• [Raw data]:
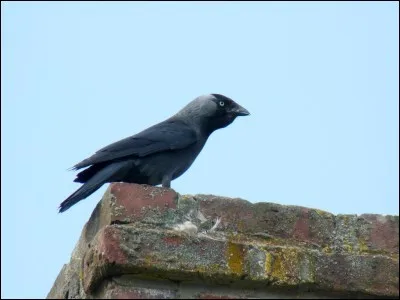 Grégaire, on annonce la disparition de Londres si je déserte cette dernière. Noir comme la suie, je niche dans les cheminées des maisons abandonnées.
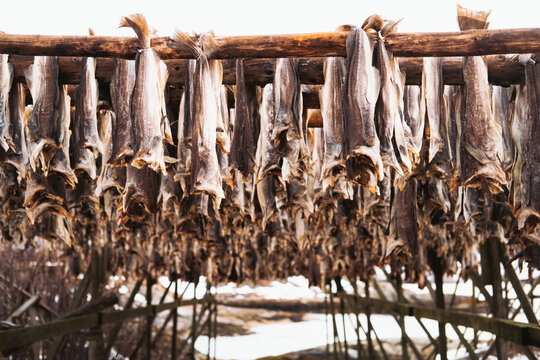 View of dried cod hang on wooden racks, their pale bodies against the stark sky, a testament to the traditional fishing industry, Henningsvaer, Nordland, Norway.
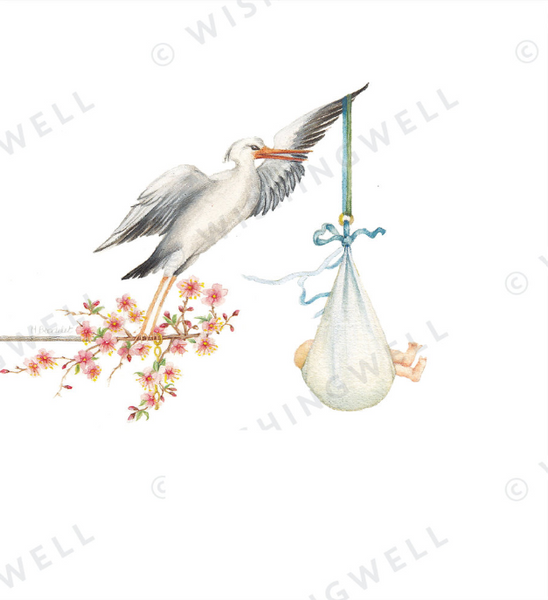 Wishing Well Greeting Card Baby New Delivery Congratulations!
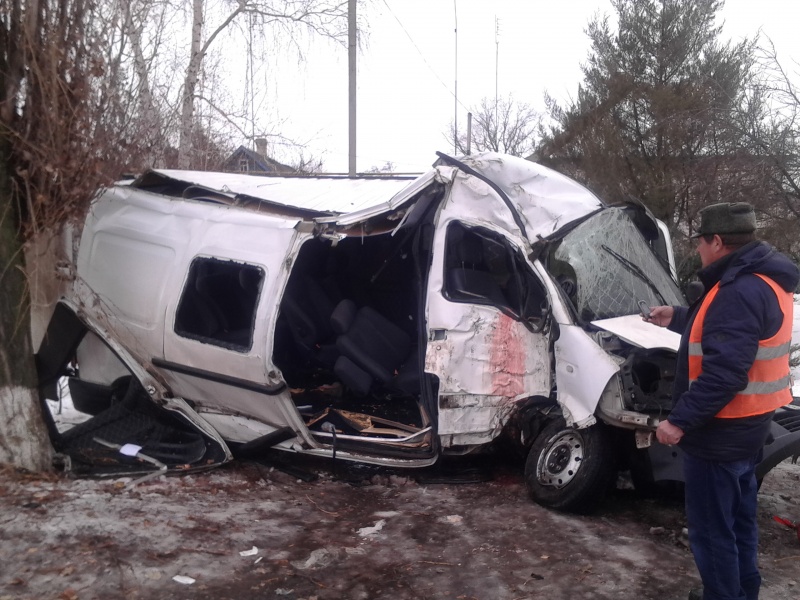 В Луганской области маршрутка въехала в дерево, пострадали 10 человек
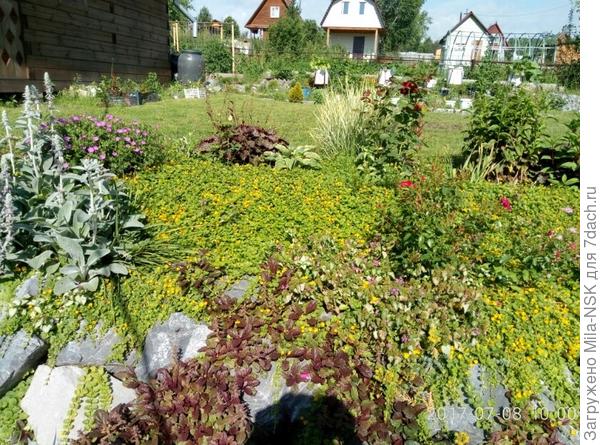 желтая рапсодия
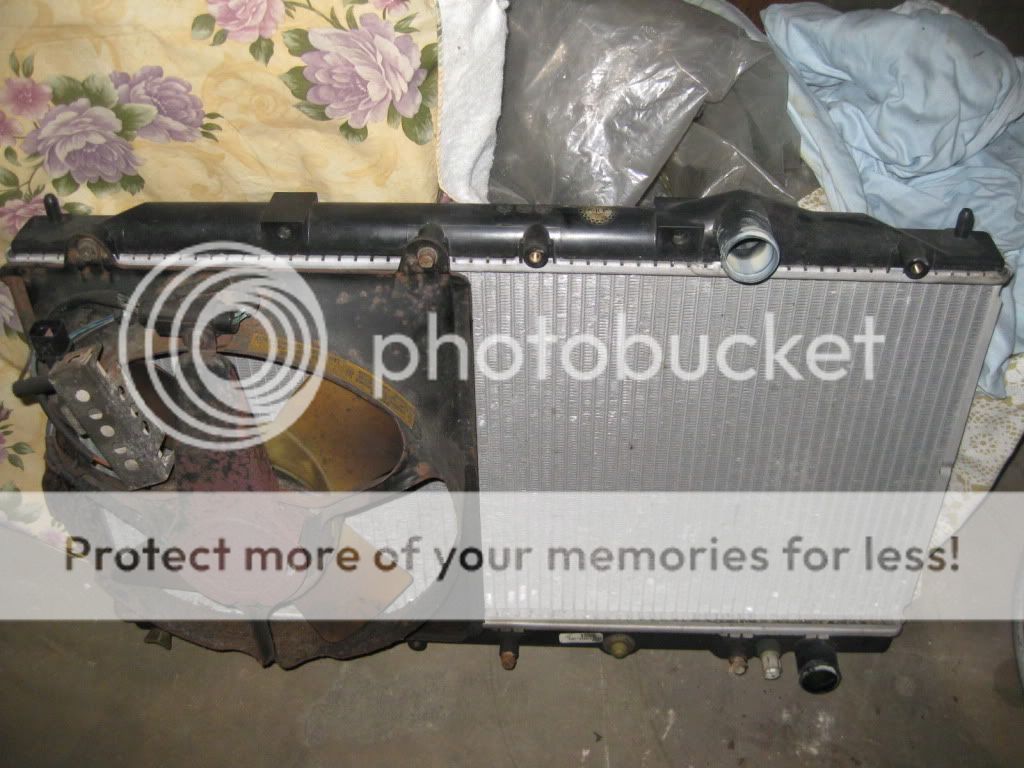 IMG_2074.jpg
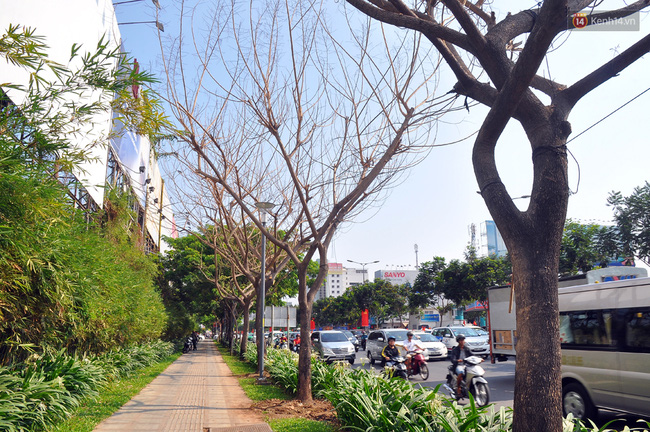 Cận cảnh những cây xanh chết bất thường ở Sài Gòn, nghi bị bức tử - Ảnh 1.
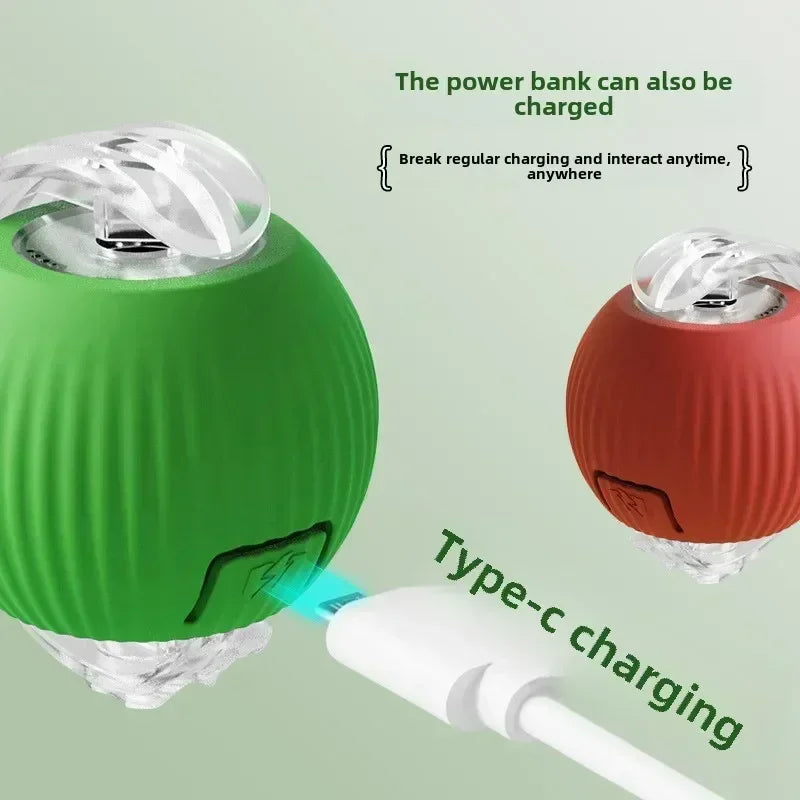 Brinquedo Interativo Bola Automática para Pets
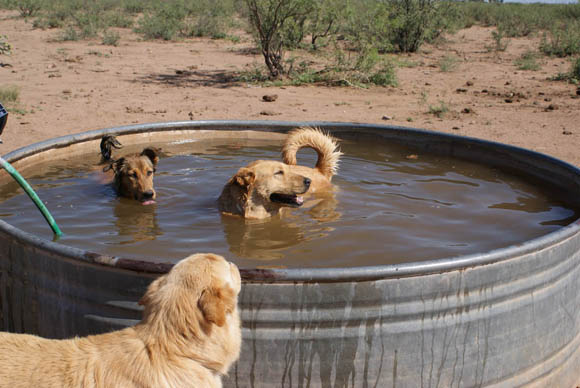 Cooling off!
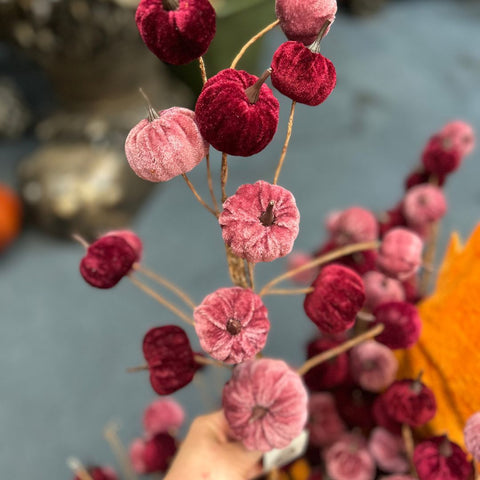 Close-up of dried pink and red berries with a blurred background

• [Task prompt]:
The answer should consist of every line above, exact and free of images.

• [Completed task]:
 Grégaire, on annonce la disparition de Londres si je déserte cette dernière. Noir comme la suie, je niche dans les cheminées des maisons abandonnées.
 View of dried cod hang on wooden racks, their pale bodies against the stark sky, a testament to the traditional fishing industry, Henningsvaer, Nordland, Norway.
 Wishing Well Greeting Card Baby New Delivery Congratulations!
 В Луганской области маршрутка въехала в дерево, пострадали 10 человек
 желтая рапсодия
 IMG_2074.jpg
 Cận cảnh những cây xanh chết bất thường ở Sài Gòn, nghi bị bức tử - Ảnh 1.
 Brinquedo Interativo Bola Automática para Pets
 Cooling off!
 Close-up of dried pink and red berries with a blurred background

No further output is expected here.